We have contributed improvements to consensus team's Leios demo, which includes minimal prototypes of a few miniprotocols and a simple network emulation layer for exchanging data between a leios server and patched cardano nodes. Our updates addressed unrealistic results obtained stemming from the use of a program toxiproxy for modeling bandwidth and delays. We have also improved our packet capture tooling and gathered some preliminary data for analysis. Based on this early investigation, we have identified a few areas where non-trivial changes may have to be made to the network stack to support the new protocol, as well as new features which could be introduced to deal with greatly expanded traffic requirements, while maintaining the base Praos protocol timeliness guarantees.
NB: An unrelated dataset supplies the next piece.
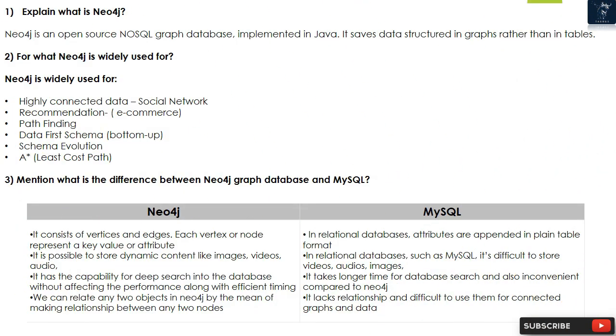Question 1: Explain what is Neo4j. Neo4j is an open-source NoSQL graph database implemented in Java. It saves data structured in graphs rather than in tables.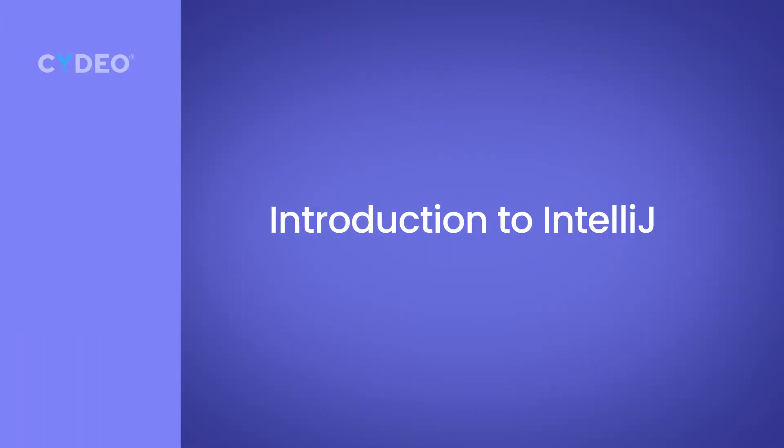But first make sure that you already have watched the previous module's videos to install the JDK and the IntelliJ IDE. So once you finish installing those softwares...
More details about this were provided at the recent November Leios demo presentation, and further work will continue along these lines.

Server-side re-ordering for a request-response mini-protocol

It is a requirement of Leios to support Frishest-First delivery. For that purpose we started to work on a prototype implementationof a request-response mini-protocol which allows for server side re-ordering while maintaining typed-protocols safety guarantees of deadlock & live-lock freedom.

Peer Selection Improvements

Refined peer selection for local root peers behind firewalls: instead of polling, it now waits for incoming connections and reuses them outbound. See #5241 for details.